ASSIGNMENT: Please output the entries that follow exactly, without a single image.

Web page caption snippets
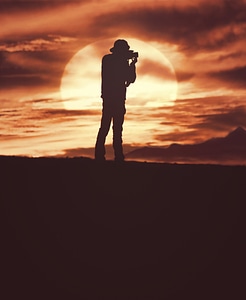 Photographer Silhouette Shooting Outdoors at Sunset Background photo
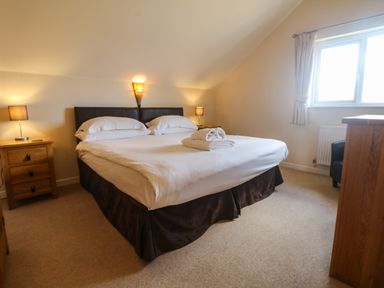 A bedroom with a large bed bedside tables and lamps next to a window at Redwood Retallack in Retallack near St Columb Major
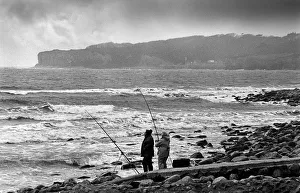 Two beach fishermen with their rods and line Two beach fishermen with their rods and line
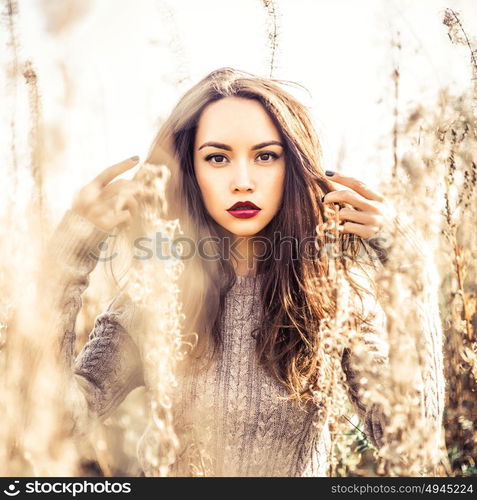 Outdoor fashion photo of young beautiful lady in autumn landscape with dry flowers. Knitted sweater, wine lipstick. Warm Autumn. Warm Spring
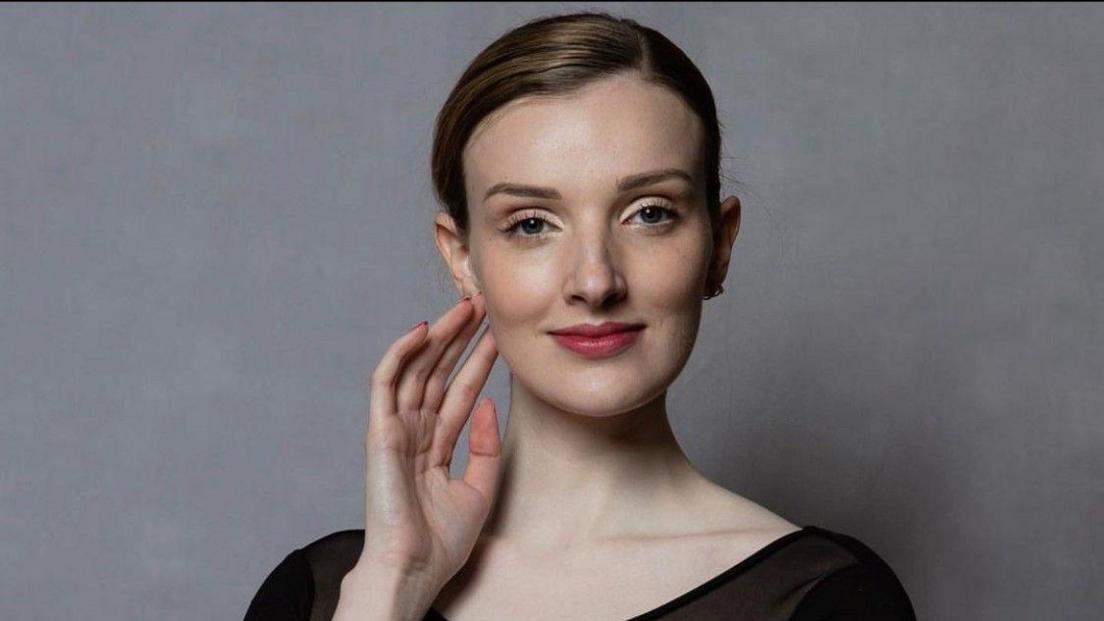 A woman is shown from the shoulders up, smiling with her mouth closed and looking at the camera. Her hand is raised and touching the side of her face. She has brown hair tied up and slicked back. She is wearing a black top. She is in front of a grey background.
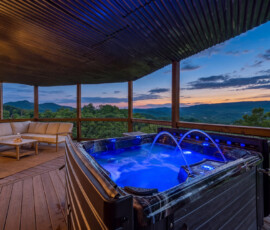 Hot tub at Bear Ridge Escape overlooking the Smoky Mountains at twilight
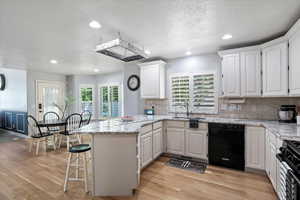 Kitchen with black appliances, a peninsula, white cabinets, light wood finished floors, and recessed lighting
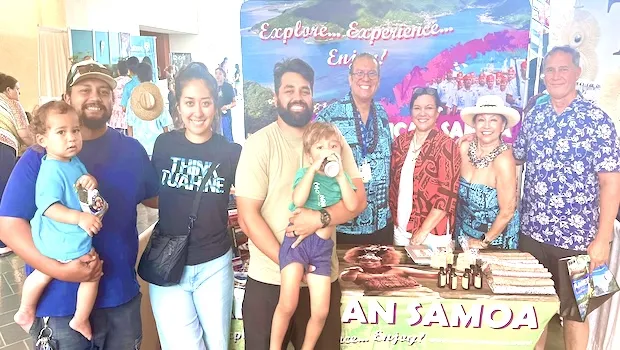 visitor's bureau staff greeting Samoans from around the world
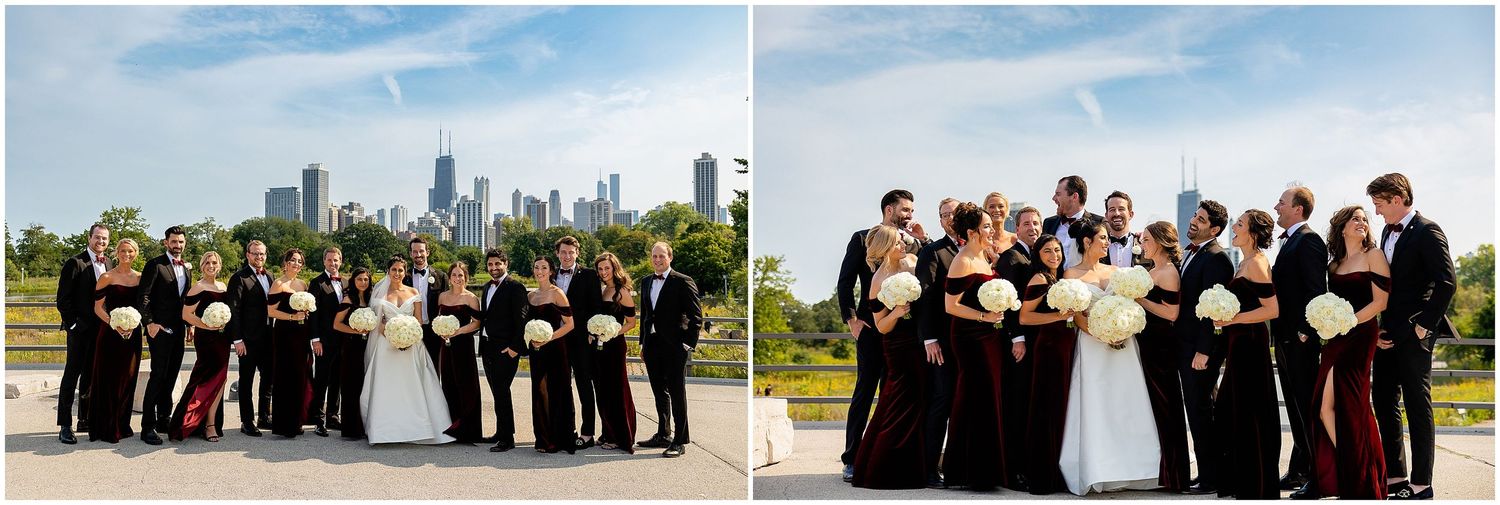 Wedding party in black and white attire poses with city skyline backdrop.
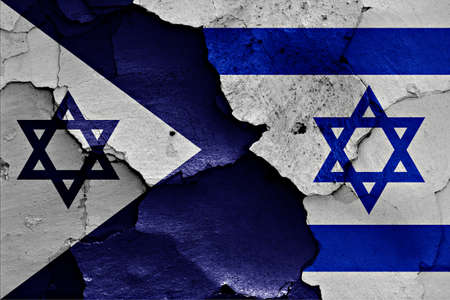 flags of Israeli Navy and Israel painted on cracked wallの写真素材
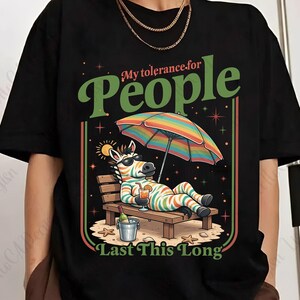 May include: Black t-shirt with a colorful graphic of a zebra relaxing on a beach chair under a rainbow umbrella. The text reads "My tolerance for People Last This Long."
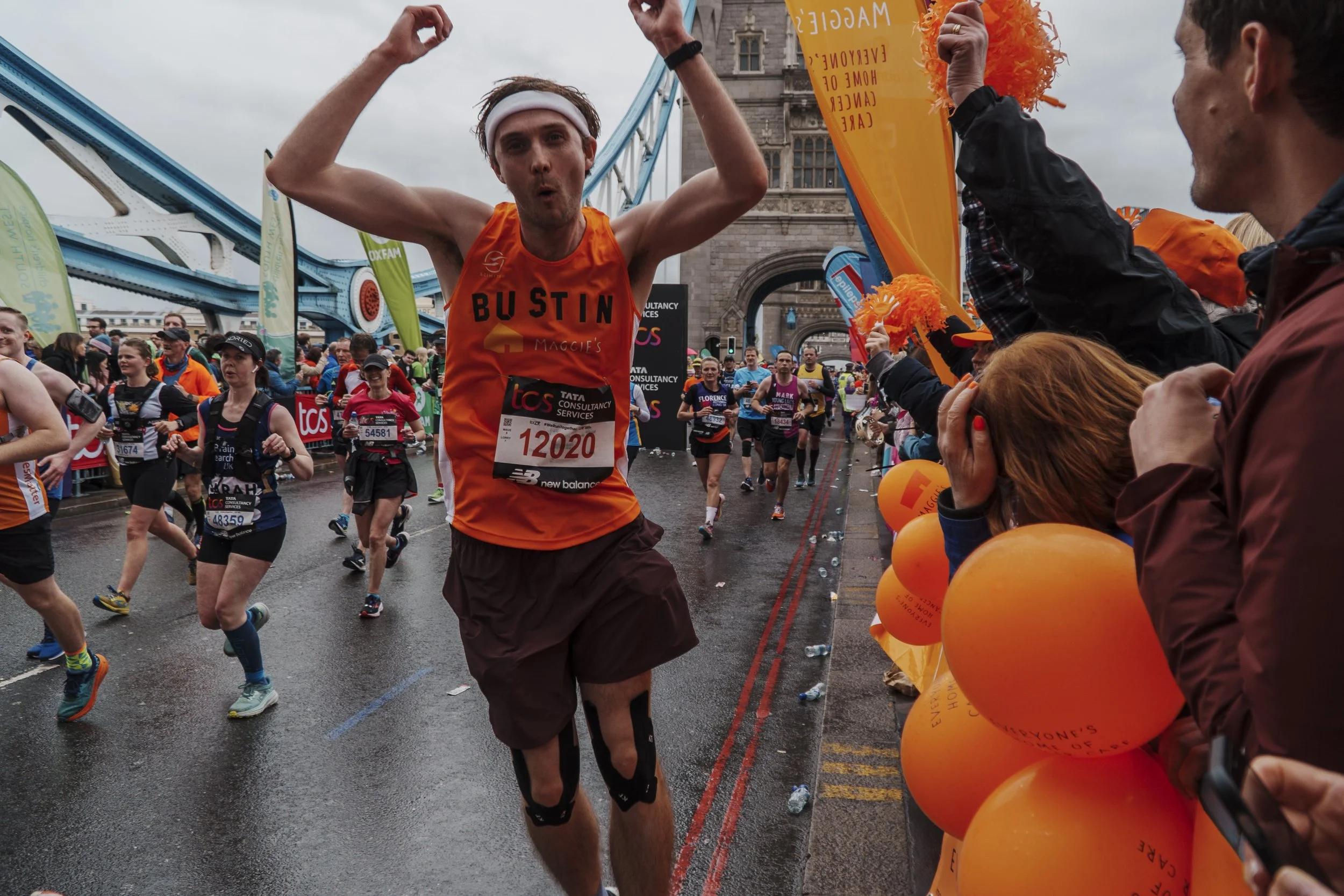 A male marathon runner wearing an orange tank top and brown shorts celebrating with the crowd, who are cheering and waving orange balloons along a rainy street with Tower Bridge in the background.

RESULT OF THE EXERCISE:
 Photographer Silhouette Shooting Outdoors at Sunset Background photo
 A bedroom with a large bed bedside tables and lamps next to a window at Redwood Retallack in Retallack near St Columb Major
 Two beach fishermen with their rods and line Two beach fishermen with their rods and line
 Outdoor fashion photo of young beautiful lady in autumn landscape with dry flowers. Knitted sweater, wine lipstick. Warm Autumn. Warm Spring
 A woman is shown from the shoulders up, smiling with her mouth closed and looking at the camera. Her hand is raised and touching the side of her face. She has brown hair tied up and slicked back. She is wearing a black top. She is in front of a grey background.
 Hot tub at Bear Ridge Escape overlooking the Smoky Mountains at twilight
 Kitchen with black appliances, a peninsula, white cabinets, light wood finished floors, and recessed lighting
 visitor's bureau staff greeting Samoans from around the world
 Wedding party in black and white attire poses with city skyline backdrop.
 flags of Israeli Navy and Israel painted on cracked wallの写真素材
 May include: Black t-shirt with a colorful graphic of a zebra relaxing on a beach chair under a rainbow umbrella. The text reads "My tolerance for People Last This Long."
 A male marathon runner wearing an orange tank top and brown shorts celebrating with the crowd, who are cheering and waving orange balloons along a rainy street with Tower Bridge in the background.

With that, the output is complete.